Agricultural reform in Switzerland has driven down farmers' income to a level that is almost unacceptable, admits the Federal Agriculture Office.This content was published on November 22, 2005 - 15:45
But in a new report to the government, the office says that productivity has risen and respect for the environment has improved.
"It would be wrong to pretend that reforms haven't changed farmers' lives," said the head of the office, Manfred Bötsch on Tuesday in Bern.
"The large gap between their income and that of other parts of the population is still there."
For Bötsch, these reforms have reached the limits of what he believes is "socially acceptable".
Last year, total income for Swiss farms was SFr3.22 billion ($2.44 billion), with each concern earning on average SFr76,115. This figure does not take into account how many people are employed on a farm.
Subsidies for farming are under pressure and are regularly targeted by parliament as it seeks to cut government spending.
In 2003, these subsidies were worth over SFr3.9 billion, with nearly two thirds of the sum going straight into farmers' pockets.
Revised agricultural legislation currently being discussed should help improve farming income, guaranteeing socially acceptable development. Farms would receive a global envelope of SFr3.36 billion directly.
This figure could also be subject to revision depending on the outcome of talks at the World Trade Organization and discussions with the United States on a free-trade agreement.
There were some bright spots last year for Swiss agriculture.

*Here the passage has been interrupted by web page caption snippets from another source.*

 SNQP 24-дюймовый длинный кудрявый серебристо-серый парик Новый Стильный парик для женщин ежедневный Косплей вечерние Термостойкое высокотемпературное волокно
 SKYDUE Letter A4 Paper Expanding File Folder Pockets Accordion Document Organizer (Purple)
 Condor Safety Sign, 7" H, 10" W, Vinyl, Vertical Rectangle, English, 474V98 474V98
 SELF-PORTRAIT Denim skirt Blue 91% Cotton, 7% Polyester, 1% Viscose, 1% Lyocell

Productivity continued to rise, as it has done since 1990 at an average rate of 1.4 per cent. Local production prices have also become more competitive with those abroad, even if consumers have yet to benefit, admitted Bötsch.
Farming in Switzerland is becoming more environmentally friendly. Usage of fertiliser and pesticides has dropped by 38 per cent since 1990.

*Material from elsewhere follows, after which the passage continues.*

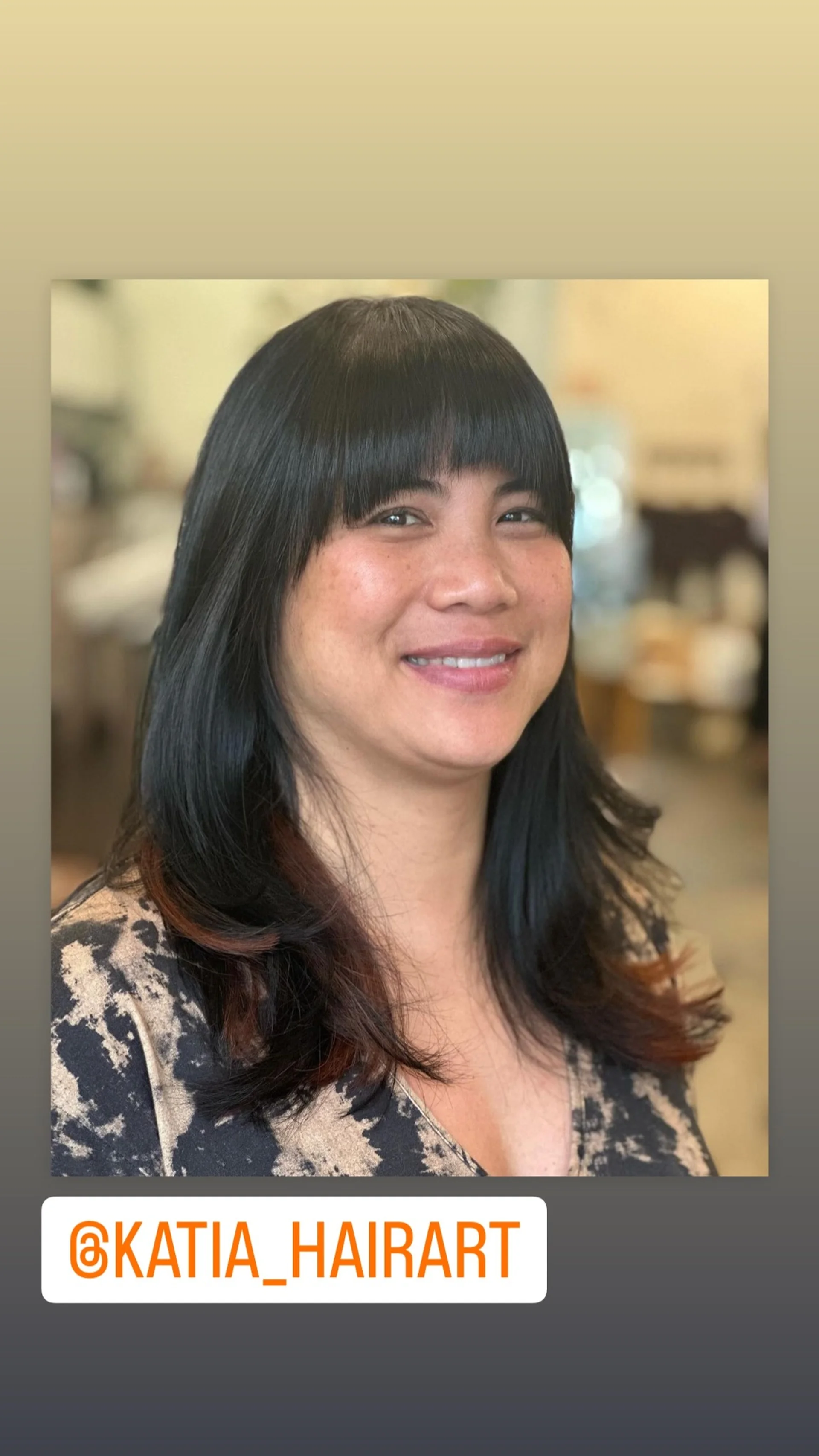 Medium-length black straight hair with soft blunt bangs and face-framing layers demonstrating orbital bone contouring - Preview 3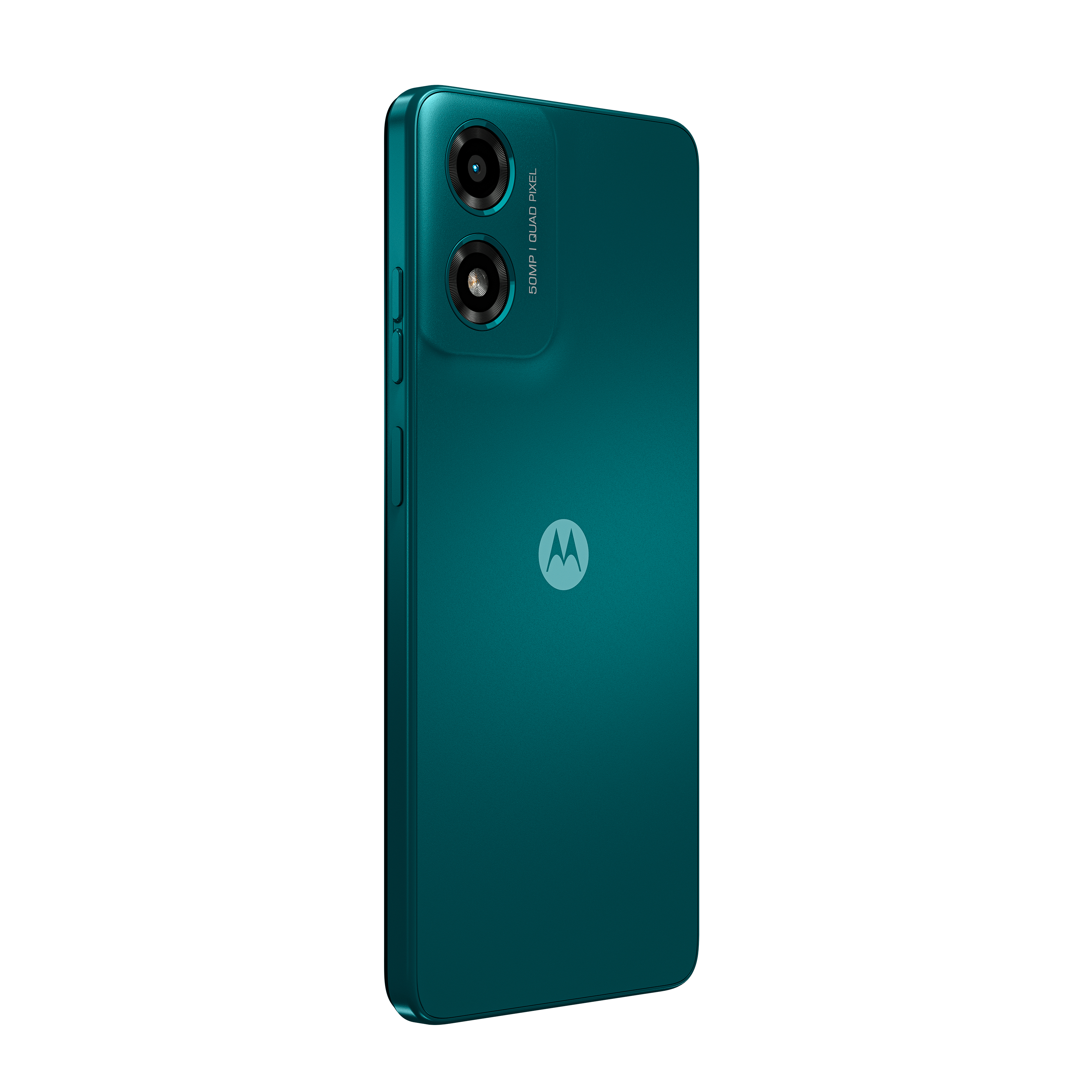 Smartphone turquesa con cámaras traseras dobles y logo Motorola.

But there has been no drop in energy consumption, and ecology does not necessarily rhyme with agriculture yet.
Available farming surfaces have shrunk by 2.1 per cent in the past 15 years, mainly because of urbanisation and the construction of new infrastructures.
swissinfo with agencies
There are around 65,000 farms across Switzerland, versus 80,000 15 years ago.

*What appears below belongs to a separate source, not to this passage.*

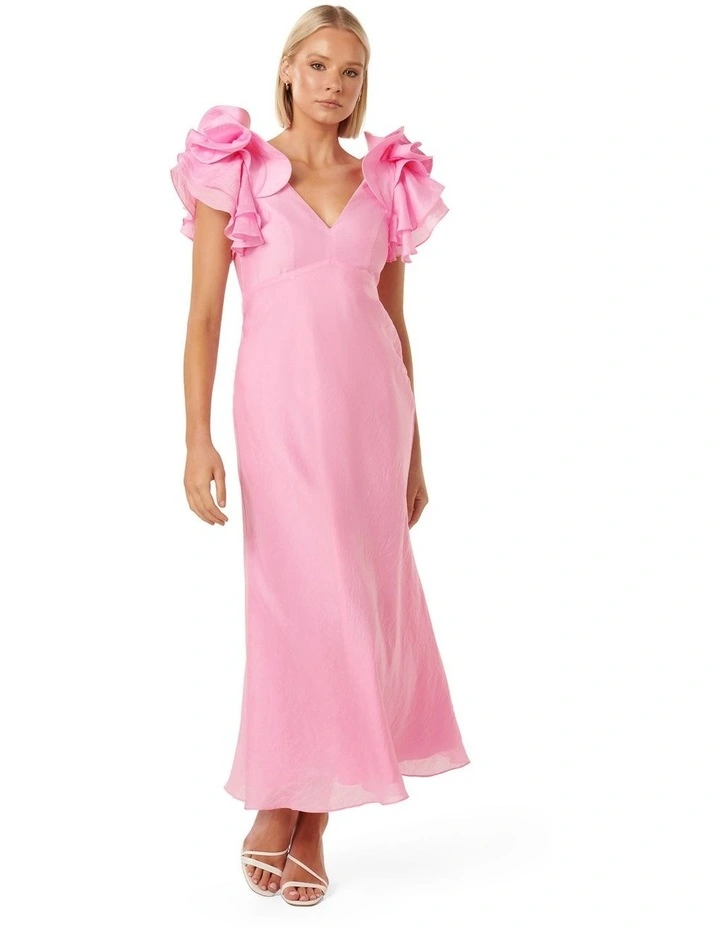 Rylie Ruffle Shoulder Maxi Dress in Pink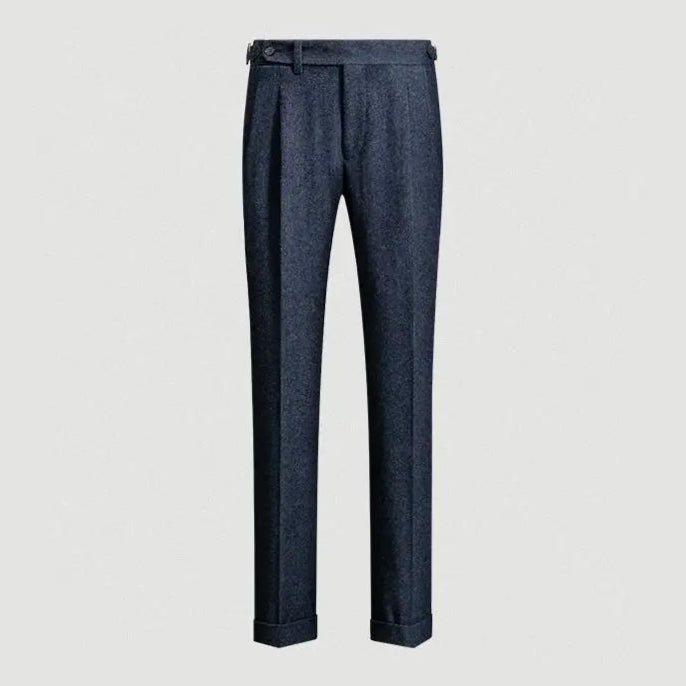 Men's wool-blend Gurkha trousers front view in Navy Blue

Every day, five of these farms cease functioning.
The average income of a Swiss farm was SFr76,115 last year.
Further agricultural reforms are particularly worrying for Swiss farmers, who feel threatened by the planned revision of the country's farm policy and a possible free-trade agreement with the US.
Around 10,000 farmers demonstrated in Bern last week to express their fears.
Their aim was to "wake up" politicians and make them realise how precarious farmers' livelihoods are.